Healthcare ETFs Lag the Broader Market Amidst Regulation Scare | ETF Trends

Once an outperformer last, providing investors a defensive play in 2018, the healthcare sector and related ETFs are now among the worst off in 2019 as the threat of regulations weigh on this market segment.

The Health Care Select Sector SPDR ETF (NYSEArca: XLV) reflects one of the poorest performers this year, advancing 4.2% year-to-date, compared to the 16.7% rise in the S&P 500. The performance in this sector marks a stark contrast to last summer when health companies led the markets.

However, the threat of tightening health-care regulations has pressured the healthcare sector this year, the Wall Street Journal reports.

Furthermore, an earnings scare from Walgreens Boots Alliance, which cut its annual earnings forest amid a profit squeeze related to rebates from makers of generic drugs, along with CVS Health Corp.’s similar warnings in February, fueled concerns of potentially further weakness in the earnings season ahead. Health-care giant Johnson & Johnson and UnitedHealth Group, the parent of the country’s largest health insurer, are up to bat to release first quarter results on Tuesday.

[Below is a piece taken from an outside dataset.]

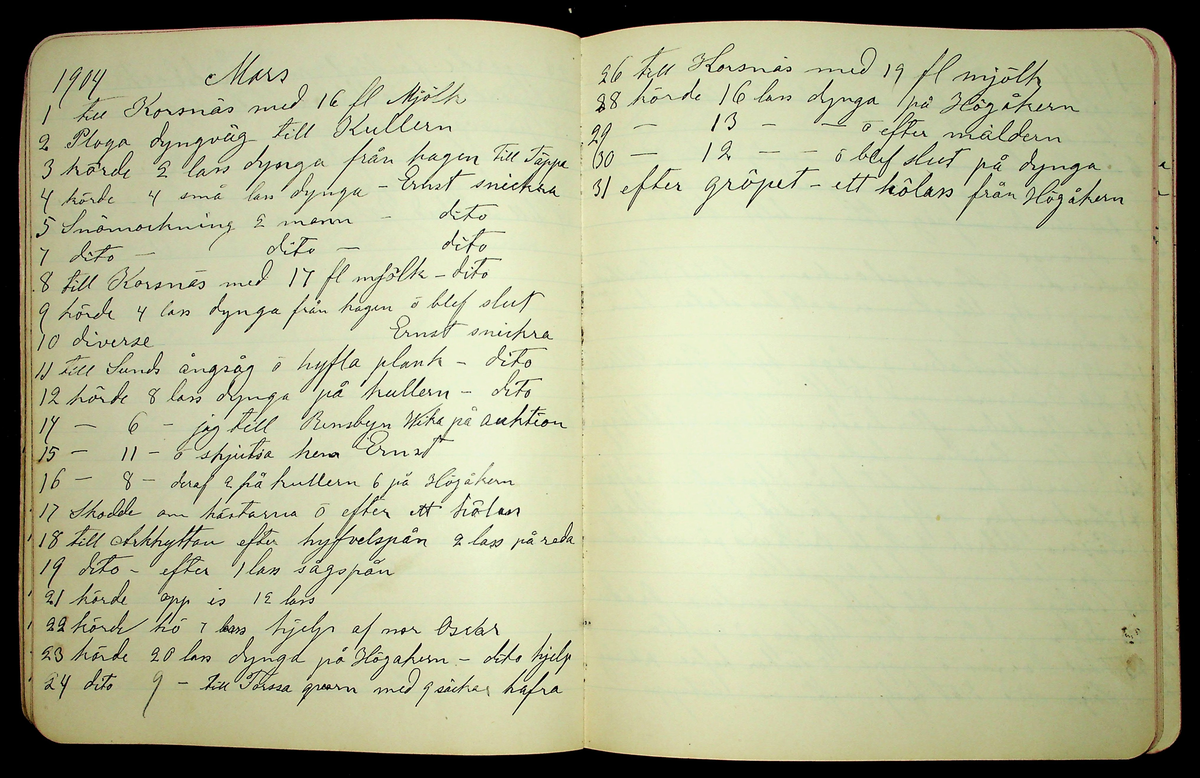 Dagbok åren 1903-19/1 1911 efter hemmansägaren Sigge Johan Gustaf Eriksson i Översätra, Stora Skedvi socken.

“Investors are scared about the massive amount of uncertainty in terms of regulation,” Brock Moseley, founder of Miracle Mile Advisors, told the WSJ. “There’s a critical eye around the health-care space and drug pricing. These challenging trends do give us some worry.”

The healthcare sector, though, remains a brighter spot in the earnings landscape. Health-related companies are expected to report the second highest profit growth of the benchmark S&P 500’s 11 sectors for the first quarter, rising 4% year-over-year, according to FactSet.

Investors have been in healthcare stocks for the sector’s growth and defensive characteristics, providing investors with yields and valuations that are less stretched than other yield-producing stocks like utilities.

“We think of health care as an all-weather sector that can do well no matter what the economy is doing,” Michael Sheldon, chief investment officer at RDM Financial Group at HighTower, told the WSJ. “In the past, any talk that Washington may institute new legislation has turned out to be a relatively short-term headwind for the health-care sector.”